Assistant Professor Vessela Warner, Ph.D., who teaches theater history, dramatic literature and special topics in theater, attended the third International Congress in Bulgarian Studies May 23-26. More than 500 scholars from 30 countries gathered at Sofia University in Bulgaria. It was dedicated to the 125th anniversary of Sofia University, the oldest institution for higher education in Bulgaria, and was organized under the patronage of the president of the Republic of Bulgaria, Rosen Plevenliev. Many participants, representing academies and universities in Bulgaria, Norway, Sweden, Germany, Greece, Russia, Canada, the U.S. and other countries, are members of the Bulgarian Studies Association, of which Warner is president. Her paper, “Universal Dissidence: Political and Existential Exiles in Georgi Markov’s Drama,” focused on the Bulgarian playwright Georgi Markov, one of the most famous political dissidents during the Cold War.

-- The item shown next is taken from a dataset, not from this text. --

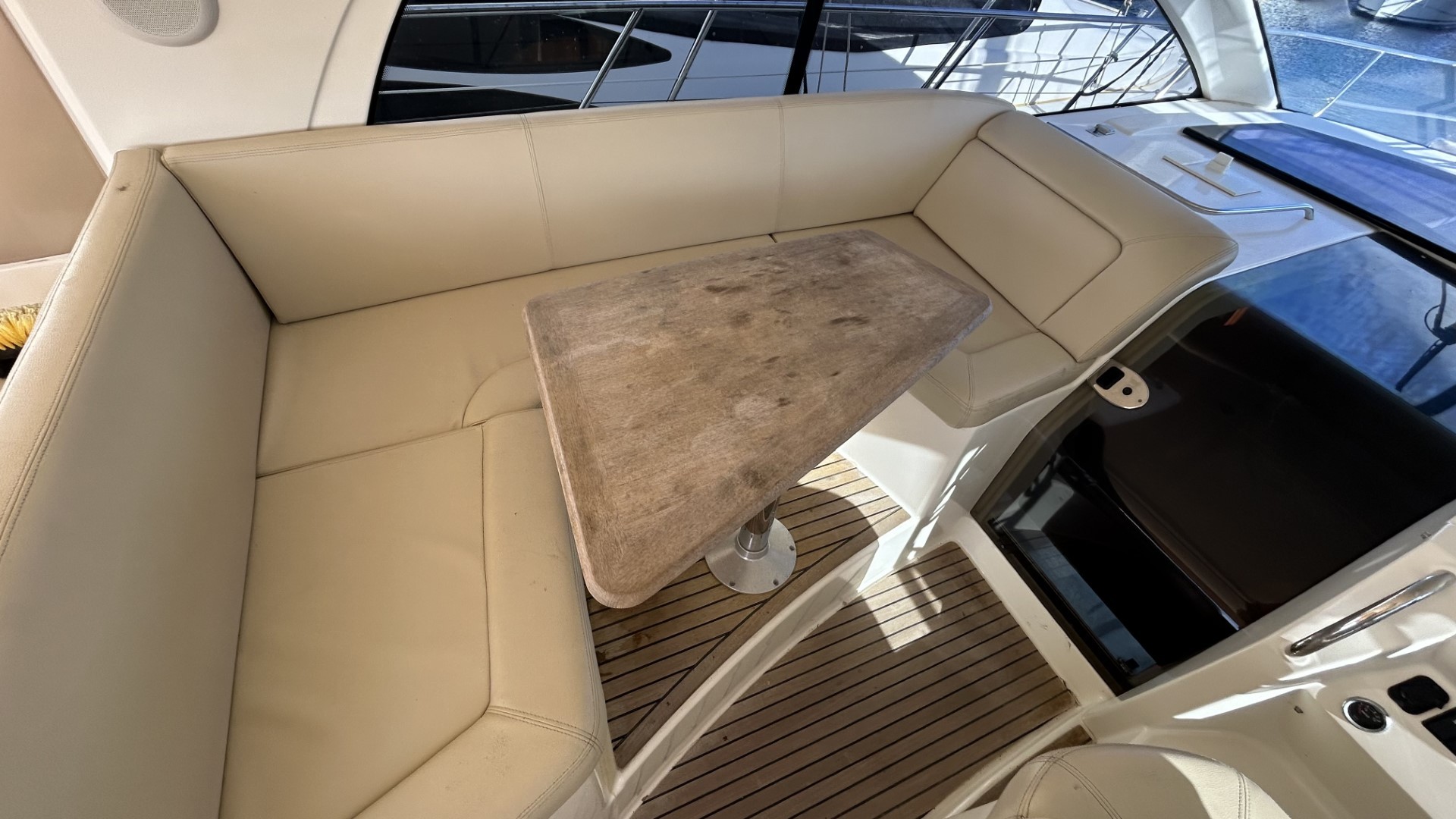 JEANNEAU - PRESTIGE 38 S à vendre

Department of Art and Art History
Assistant Professor of Drawing and Bookbinding Douglas Baulos, M.F.A., just returned from the Wilbur Hoke Currier and Sally Jones Craft Center in Black Mountain, N.C., where he was an artist in residence. He also taught the first session at the Historic Penland School of Crafts in Penland, N.C., and his work will be featured in its Annual Auction later this summer. In his class, Sewing Books: The Threads that Bind, he taught students how to use thread to bind, draw, and create unique images and objects, as well as explore a variety of soft- and hard-cover forms.
Assistant Professor of Graphic Design Doug Barrett, M.F.A., designed and produced vinyl window signs and new marketing and merchandizing artwork for REV Birmingham’s Urban Food Project, as it unveiled its first farm-to-corner store prototype at City Meats in Woodlawn.

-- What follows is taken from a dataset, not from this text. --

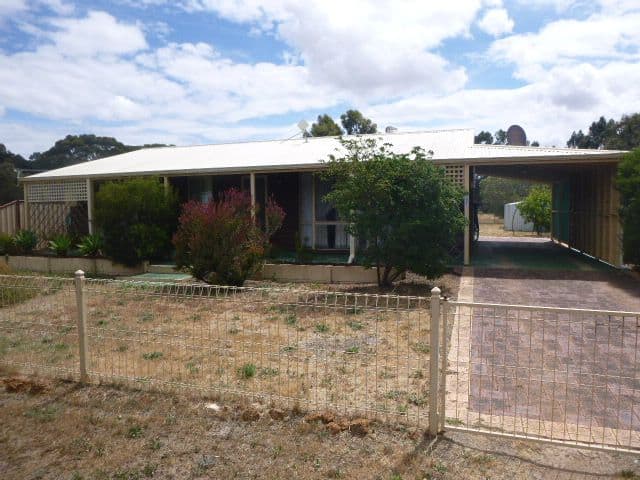 107 First Avenue, Kendenup WA 6323, Kendenup - Image 1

Professor Gary Chapman, M.F.A., who teaches painting and drawing, is teaching a painting workshop June 24-28 at Arrowmont School of Arts and Crafts in Tennessee. His works are on show at two galleries in north Alabama.

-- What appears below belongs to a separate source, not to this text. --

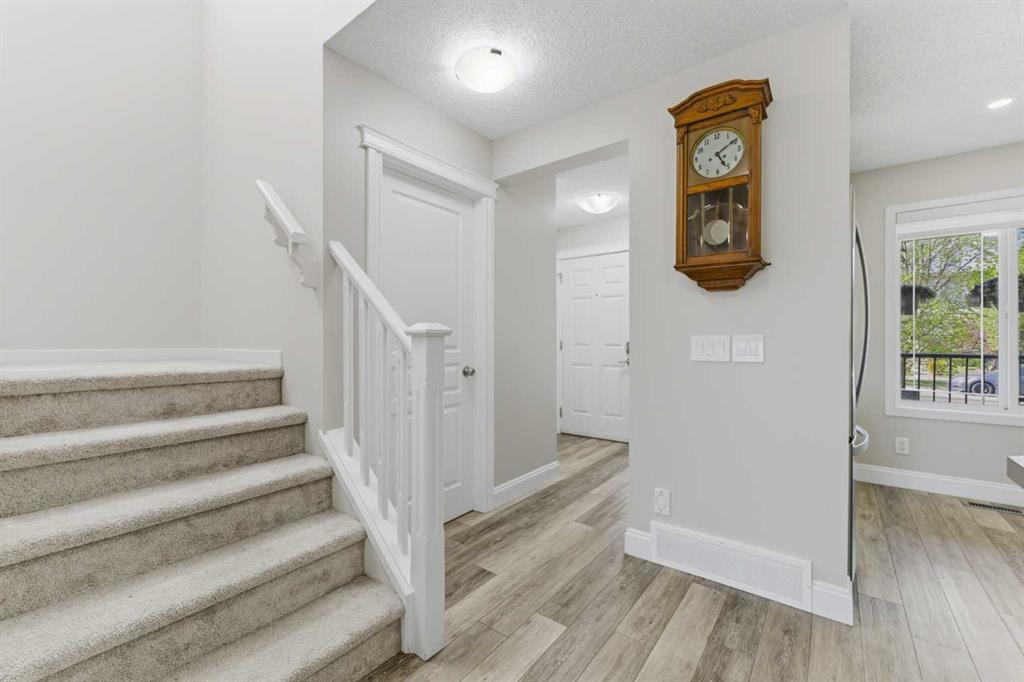 Picture for 394 Copperpond Boulevard SE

Cathleen Cummings, Ph.D., will leave for India on June 28 after being accepted into a National Endowment for the Humanities Summer Institute that will take place for four weeks this summer in Delhi, Varanasi and Agra, India. The theme of the Institute, which features prestigious scholars, film directors, diplomats and others, is “India’s Past and the Making of the Present.” On July 27, Cummings will be joined by her colleague, Associate Professor of English Cynthia Ryan, Ph.D., for two weeks of travel and research as they work together on an article for a special edition of the Journal of Poverty.
Assistant Professor of Art and Art HistoryAssistant Professor of Time Based Media Christopher Lowther, M.F.A., is working on a solo exhibition to be held at the Alexandre Hogue Gallery at the University of Tulsa, which will run Oct. 3-31. He is recreating scenes from some of Irwin Allen’s most famous disaster movies: “The Poseidon Adventure,” “Towering Inferno,” “Airport” and “Earthquake.” He is creating his own background sets and photographing models in 1970s costumes and attire. The photographs and content he creates will be presented in old clocks, which will be illuminated.
Professor of Art History Heather McPherson, Ph.D., received a Dean’s Grant from the UAB College of Arts and Sciences. She will travel to Paris in July to carry out archival research on artists’ studios, as well as 19th century paintings, prints and other materials.
Assistant Professor of Sculpture John Powers, M.F.A., is one of five artists in residence in June at the Joan Mitchell Center in New Orleans, La.
Professor Erin Wright, M.F.A., who teaches graphic design, is organizing the “Posters Without Borders” exhibition on immigration at Space One Eleven with Antonio Castro of Texas and Eric Boelts of Colorado. The exhibition will open in September. Poster designers from Denmark, Finland, Canada, Bolivia, Mexico, China and the United States will participate. Wright is also designing a poster for the exhibition.